Limosilactobacillus reuteri SXDT-32-derived shikimic acid protects against colonic inflammation in piglets by inhibiting the PI3K-Akt pathway

文献类型: 外文期刊

第一作者: Chen, Ying

作者: Chen, Ying;Luo, Chengzeng;Zhan, Zhaohan;Liu, Shuo;Teng, Chunran;Mao, Ruixiao;Zhang, Shunfen;Zhang, Xunbozan;Meng, Qingshi;Zhong, Ruqing;Chen, Liang;Zhang, Hongfu;Liu, Shuo;Mao, Ruixiao

作者机构:

关键词: Intestinal inflammation; L. reuteri SXDT-32; PI3K-Akt pathway; Shikimic acid

期刊名称:JOURNAL OF ANIMAL SCIENCE AND BIOTECHNOLOGY ( 影响因子:6.5; 五年影响因子:7.2 )

ISSN: 1674-9782

年卷期: 2025 年 16 卷 1 期

页码:

收录情况: SCI

摘要: Background Colitis caused by bacterial infection is a major global health challenge.
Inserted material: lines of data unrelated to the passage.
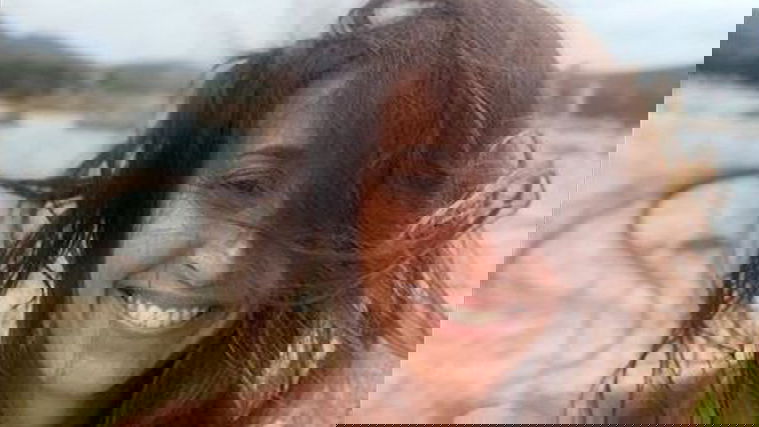 Benedetta Parodi, Domenica In: “Ho cancellato dalla testa quel periodo, ecco cosa mi fece soffrire” preview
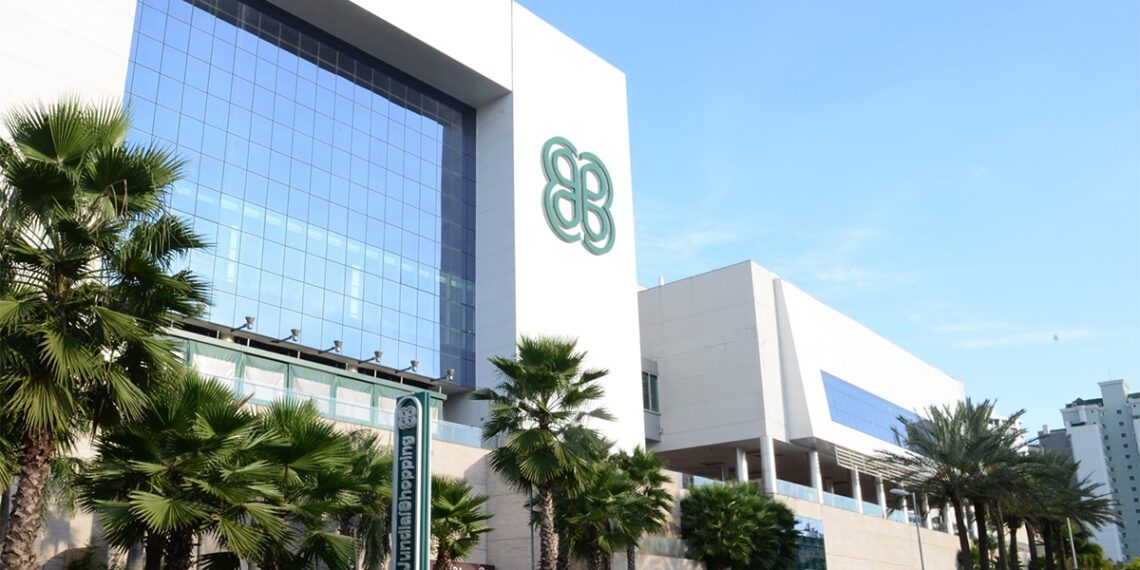 Multiplan tem lucro líquido de R$ 421,5 milhões no 4tri25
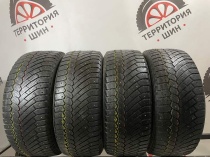 Gislaved NordFrost 200 R18 235/60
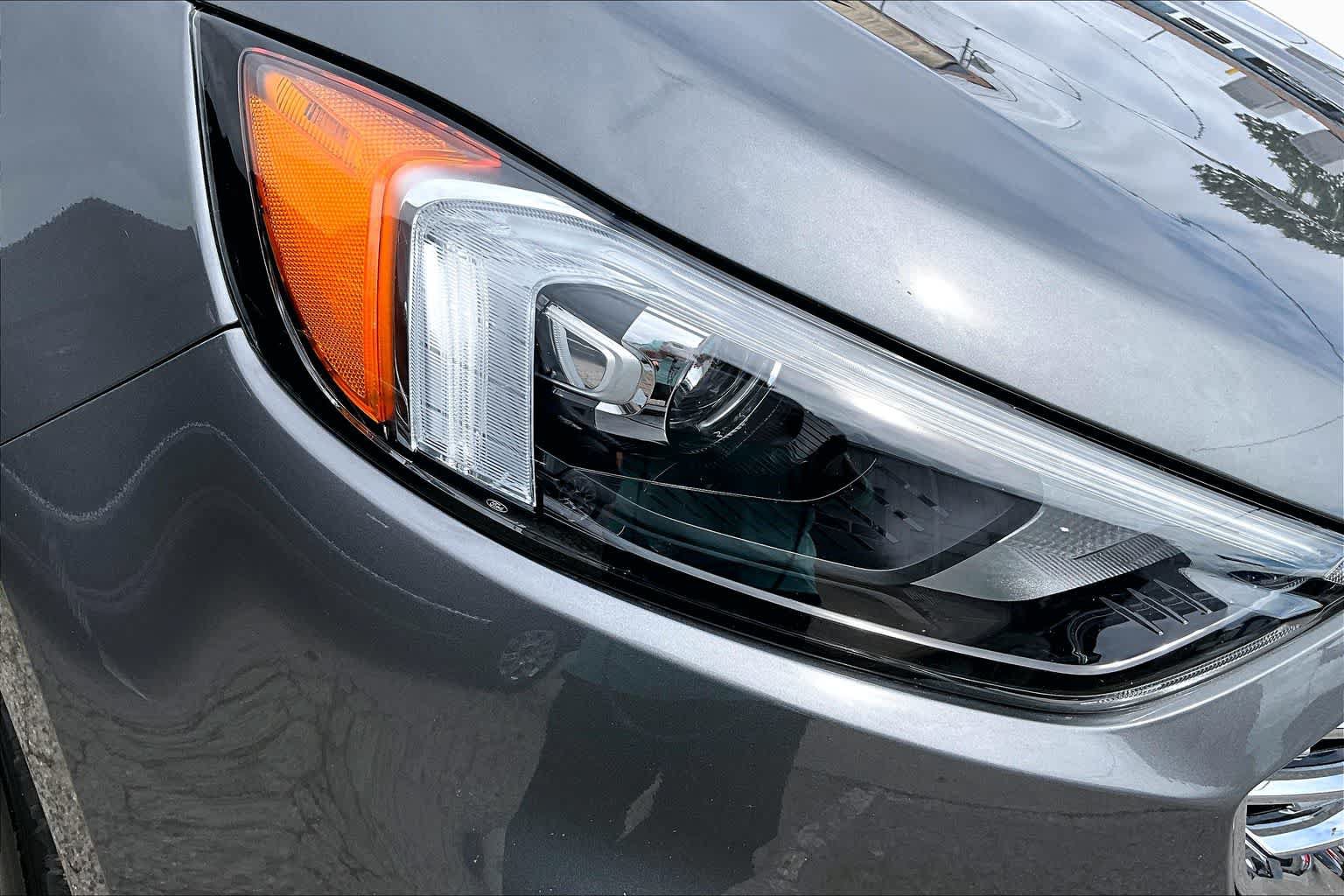 Certified 2022 Ford Edge SEL w/ Convenience Package AWD/4WD image 27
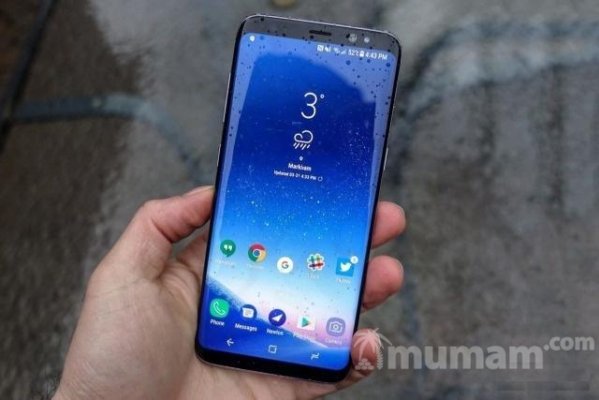 Samsung Galaxy S8+ Plus/ Note 8 Доставка. Гарантия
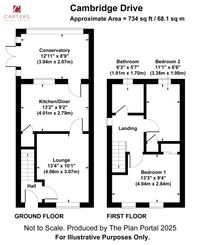 Floorplan Photo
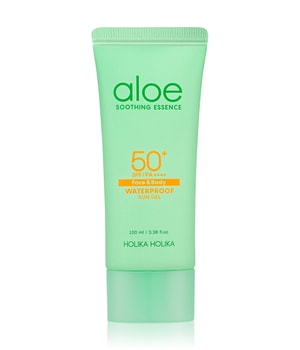 HOLIKA HOLIKA Aloe Waterproof Sun Gel Sonnencreme 100 ml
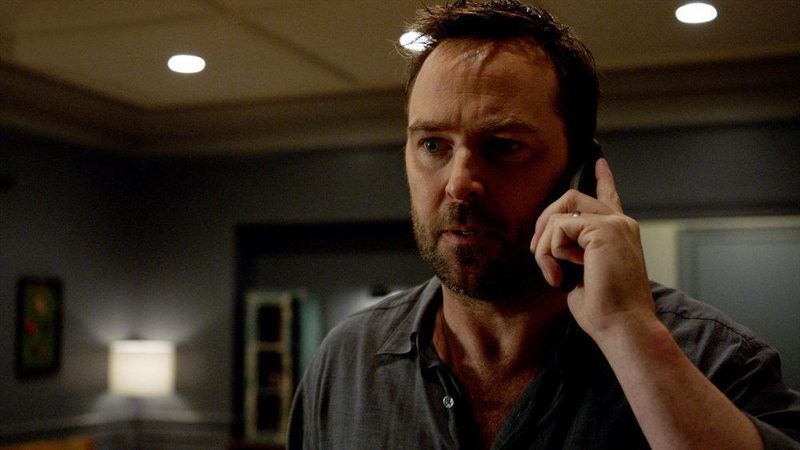 Blindspot : Photo Sullivan Stapleton
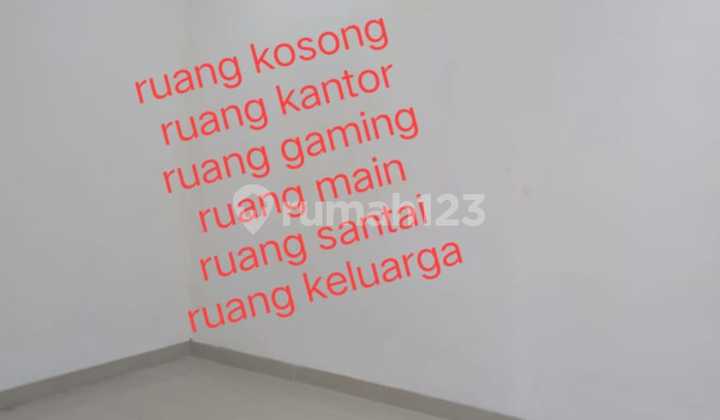 Jual Cepat Rumah Bagus 2 Lt Dalam Cluster Aralia Harapan Indah 2 Bekasi 2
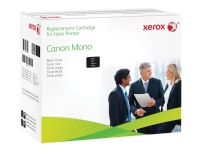 Xerox - Cyan - kompatibel - tonerkassett (alternativ för: Canon 2661B002, Canon CRG-718C) - för Canon i-SENSYS LBP7210, MF728, MF729, MF8340, MF8360, MF8380, MF8540, MF8550, MF8580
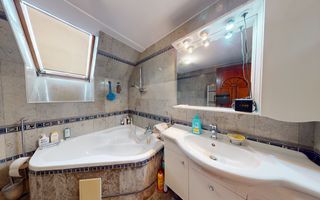 Casa individuala - 7 camere, 278 mp utili - Strand - Poză 31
Unfortunately, current treatment options are limited. We previously disclosed that L. reuteri SXDT-32 was enriched in the feces of an ancient diarrhea-resistant pig breed (Mashen pig) in China over 2500 years old. As diarrhea is often closely associated with intestinal inflammation, L. reuteri SXDT-32 was identified as a potential beneficial bacterium to prevent intestinal inflammation. However, the precise mechanisms involved remained unclear. Results Our tests showed that L. reuteri SXDT-32 alleviated colonic damage induced by pathogenic E. coli SKLAN202302 in weaned pigs by enhancing barrier integrity and inhibiting inflammation. The transcriptomics revealed that L. reuteri SXDT-32 protected against inflammatory injury by inhibiting the PI3K-AKT signaling pathway. Metabolite analysis indicated that the content of shikimic acid (SA) was substantially elevated in the colonic mucosa of L. reuteri SXDT-32-fed piglets (P < 0.05). In addition, Liquid Chromatography-Mass Spectrometer (LC-MS) analysis showed significant increases in SA content in both the colonic chyme of L. reuteri SXDT-32-fed piglets and the supernatant of in vitro grown cultures of L. reuteri SXDT-32 (P < 0.05). Polymerase chain reaction (PCR) analysis identified gene aroE from L. reuteri SXDT-32, which is a key gene directly linked to SA synthesis, and elevated shikimate dehydrogenase (SD, encoded by aroE) was also detected in both L. reuteri SXDT-32 and the colonic mucosa of piglets fed L. reuteri SXDT-32 (P < 0.01). In vitro Caco-2 cell experiments demonstrated that SA, L. reuteri SXDT-32, and the supernatant from in vitro grown cultures of L. reuteri SXDT-32 exhibited comparable inhibitory effects on the PI3K-Akt pathway to those of the PI3K inhibitor LY294002. Conclusions L. reuteri SXDT-32 alleviated intestinal inflammation in piglets by producing SA that inhibits the PI3K-Akt pathway. This study provides an innovative approach for the treatment and prevention of colitis caused by bacterial infection.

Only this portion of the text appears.